» **RECORDS**

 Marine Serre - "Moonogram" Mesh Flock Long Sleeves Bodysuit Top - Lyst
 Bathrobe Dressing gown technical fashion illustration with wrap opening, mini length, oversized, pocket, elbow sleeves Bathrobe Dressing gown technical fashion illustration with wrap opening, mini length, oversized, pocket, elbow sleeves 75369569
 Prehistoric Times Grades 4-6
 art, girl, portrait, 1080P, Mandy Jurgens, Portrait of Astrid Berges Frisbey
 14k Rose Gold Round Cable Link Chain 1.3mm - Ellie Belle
...
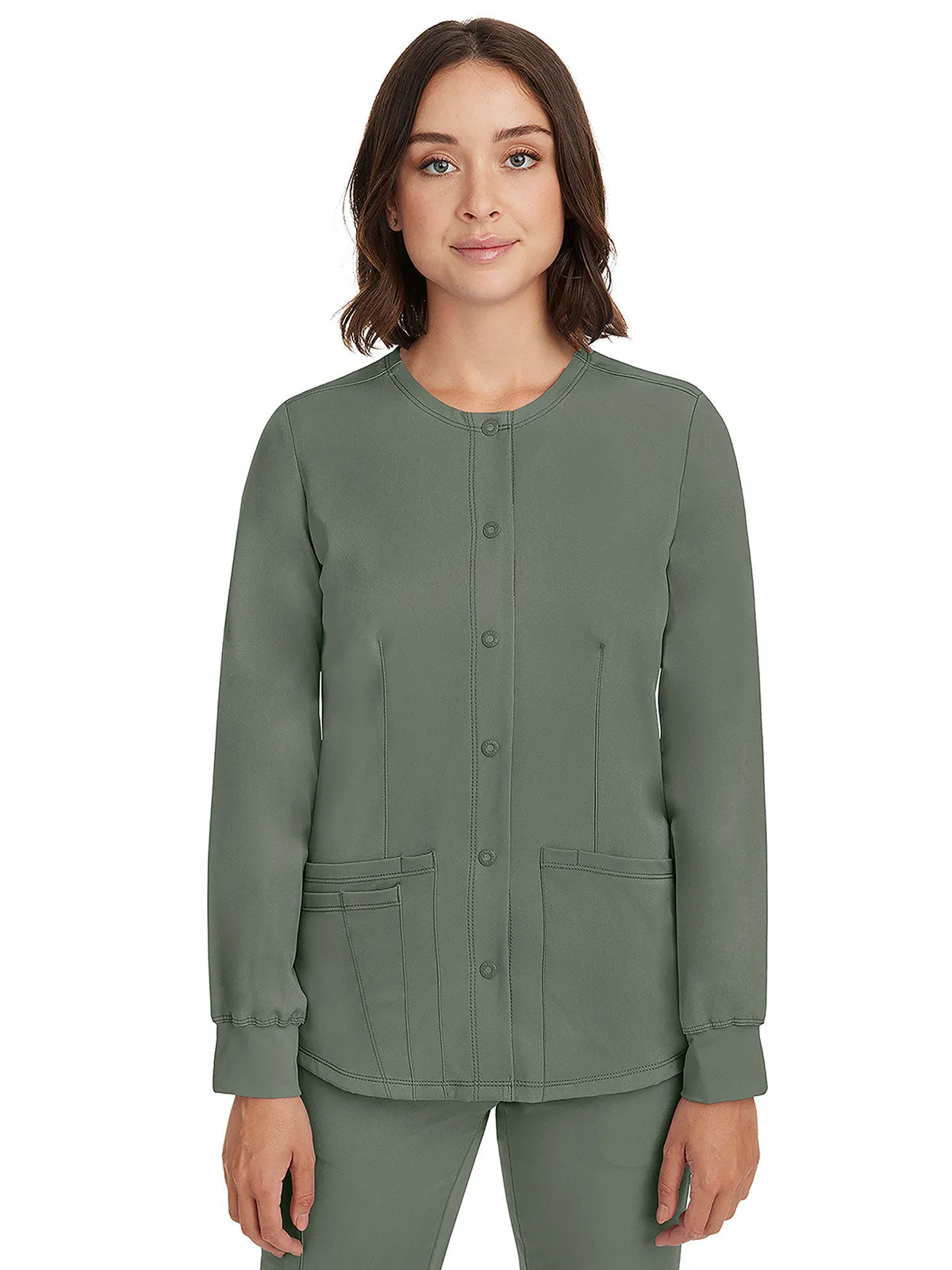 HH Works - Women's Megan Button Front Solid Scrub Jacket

» **WORK REQUEST**
Everything from the line with "art, girl, portrait, 1080P, Mandy" through the line with "14k Rose Gold" in the listing above must be retyped exactly, with nothing added.

» **FINISHED TASK**
 art, girl, portrait, 1080P, Mandy Jurgens, Portrait of Astrid Berges Frisbey
 14k Rose Gold Round Cable Link Chain 1.3mm - Ellie Belle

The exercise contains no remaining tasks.